■ TASK BRIEF ■
Every line of the listing below should be written out exactly, minus its images.
*** Opening of THE DATA ***
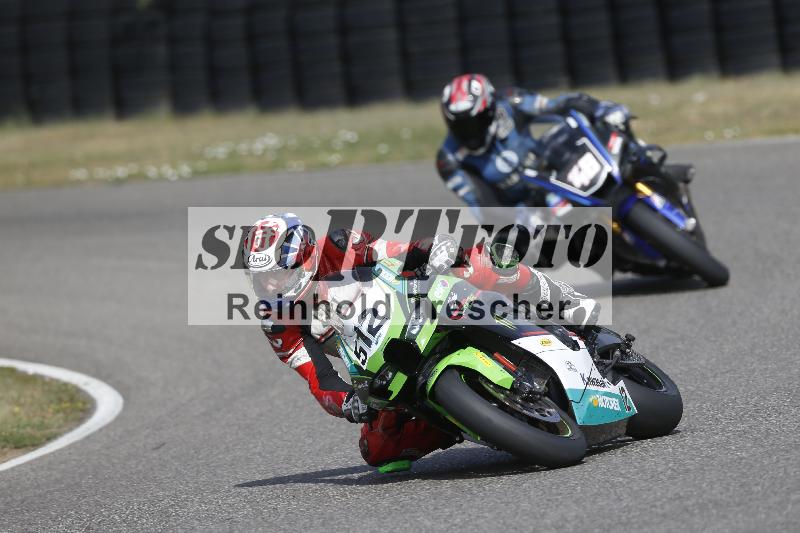 /37 09.08.2026  Pluess Motosport ADR/Freies Fahren/512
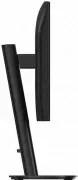 Philips 27B2N3500/00 (UA)
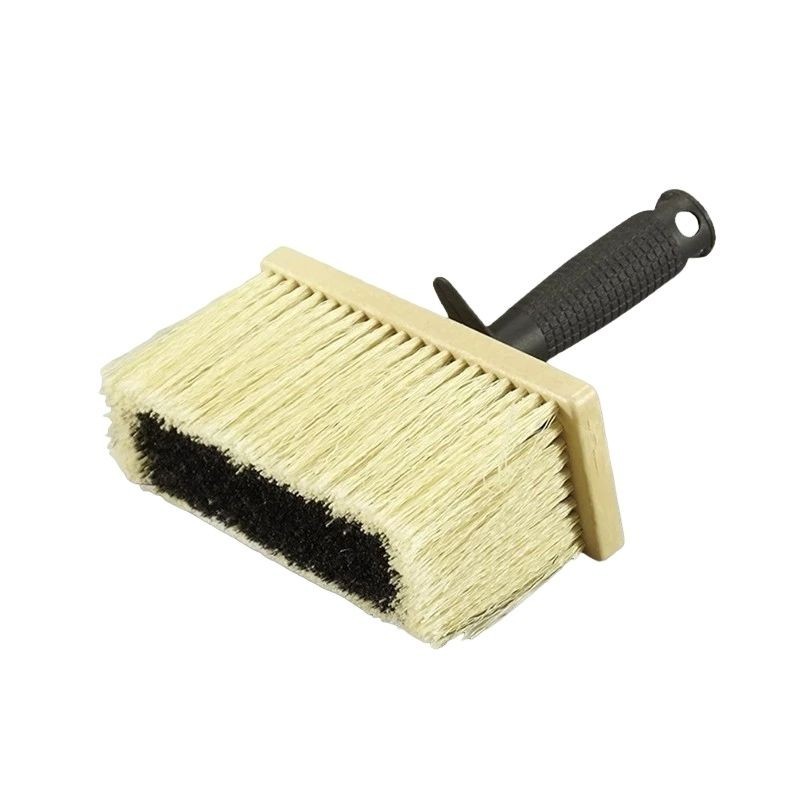 Brosse à démoulant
*** Close of THE DATA ***
■ SOLUTION FOR THIS TASK ■
 /37 09.08.2026  Pluess Motosport ADR/Freies Fahren/512
 Philips 27B2N3500/00 (UA)
 Brosse à démoulant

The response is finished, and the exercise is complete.